Psalm 126:3 Amplified Bible (AMP)
“You, LORD – my God will keep in perfect and constant peace the one whose mind is steadfast [that is, committed and focused] on You
—in both inclination and character.
Because we trusts and takes refuge in You [with hope and confident expectationwe – Faith].
Isaiah 26:3 Amplified Bible (AMP)
Though we cannot and do not physically see, it is so!
Now ‘Faith’ is confidence in what we hope for and assurance about what we not see.
This is what the ancients were commended for.
By ‘Faith’ we understand that The Universe was formed at God’s command, so that what is seen was not made out of what was visible.
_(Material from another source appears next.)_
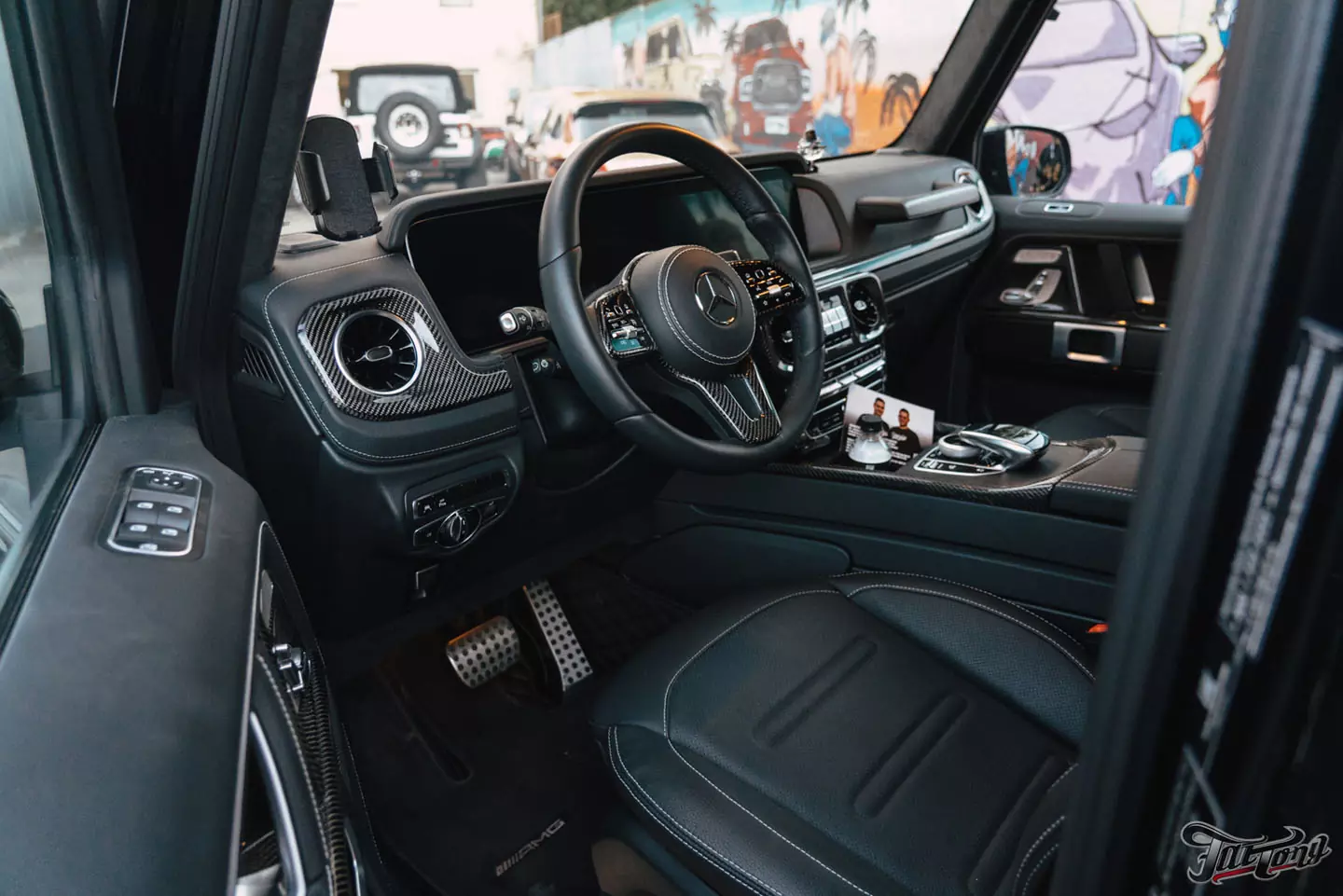 Побортная стереосистема с двумя усилителями на Mercedes G-class. Карбон в салоне. Полировка и керамика кузова, оклейка лобового стекла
By ‘Faith’ Abel brought God a better offering than Cain did. By ‘Faith’ he was commended as righteous, are we?
when God spoke well of his offerings. And by faith Abel still speaks, even though he is dead.
By faith Enoch was taken from this life, so that he did not experience death: “He could not be found, because God had taken him away.”
For before he was taken, he was commended as one who pleased God.
And without ‘Faith’ it is impossible to please God, because anyone who comes to Him must believe that He exists and that God rewards those who earnestly seek Him.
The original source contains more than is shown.